Florida’s victory will be an important precedent for current and future lawsuits related to vaccine passports. Many institutions and industries have begun aggressively incentivizing vaccination or outright requiring it, threatening the unvaccinated with termination or loss of privileges.

In Indiana, college students are appealing a federal judge’s ruling which denied their request to put Indiana University’s vaccine mandate on hold pending the outcome of their federal lawsuit filed in June.

The federal judge upheld the university’s vaccine mandate which requires students, faculty, and staff to become “fully vaccinated” with an experimental COVID-19 jab as a prerequisite for attending classes or maintaining employment at the institution. The Trump-appointed judge said the mandate was in the “legitimate interest of public health.”

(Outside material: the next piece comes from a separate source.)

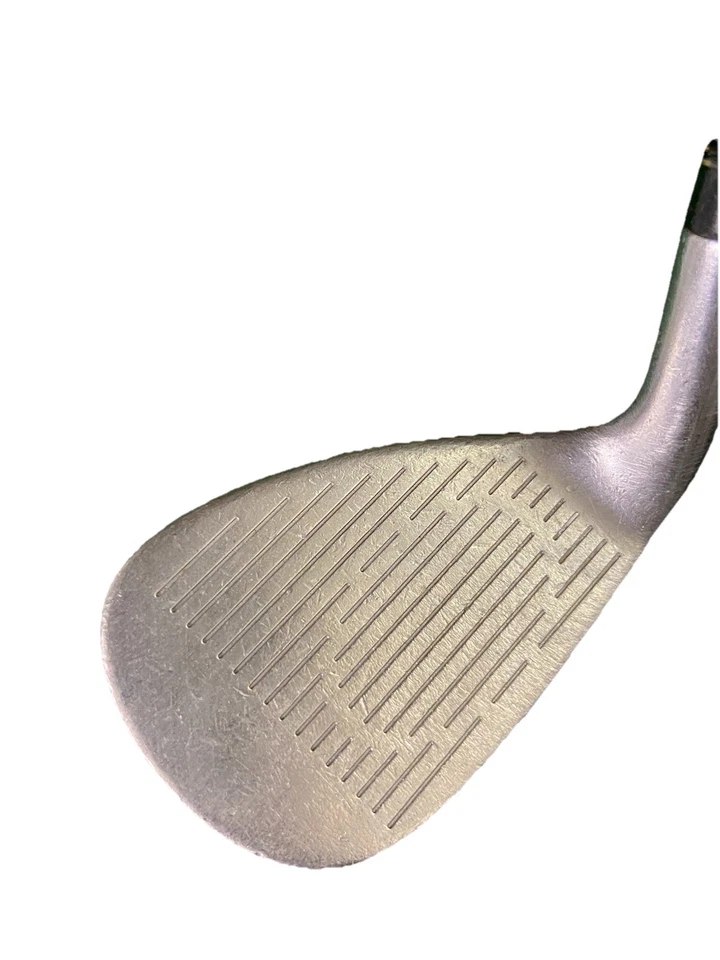 Cuña Cobra FP Gap 50*RH 70 g Aldila-NV HL grafito regular 35" agarre mediano Foto 3 de 4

On Monday, California and New York both moved to force health care workers and state employees to get the COVID-19 shots or be subject to daily testing as a condition of employment.

The Department of Veterans’ Affairs will also mandate COVID-19 injections for its health workers, becoming the first federal department to require the jabs.

The U.K., France, and Greece, among others, have already begun imposing vaccine passports and requiring health care employees to get the jab.

The mandates come in response to allegedly surging cases of the “Delta variant” of the coronavirus. However, research suggests that COVID-19 injections fail to prevent “breakthrough COVID” and are not very effective against the Delta variant. The mandates also fail to recognize natural immunity or to reference the increasing number of serious adverse reactions or deaths associated with the shots.

In May, after reports of breakthrough cases exceeded 10,000 and deaths among the “fully vaccinated” reportedly hit 535, (though 16% of those fatalities were allegedly reported as asymptomatic or not related to COVID) the Centers for Disease Control and Prevention announced its transition “from monitoring all reported vaccine breakthrough cases” to focusing “on identifying and investigating only hospitalized or fatal cases due to any cause.”

Meanwhile, a British government “variant” report found that 68% of the recent COVID deaths with the Delta variant in the U.K. were among those who had gotten the shot, with over half having been “fully vaccinated.”

Likewise, Israel reported late last month that most new cases of COVID were in the vaccinated, with the vaccines “significantly less effective” against the so-called Delta variant. In Israel about 60% of patients in serious condition had gotten the jab, while around 90% of those over the age of 50 testing positive for the virus have gotten full doses of the injection.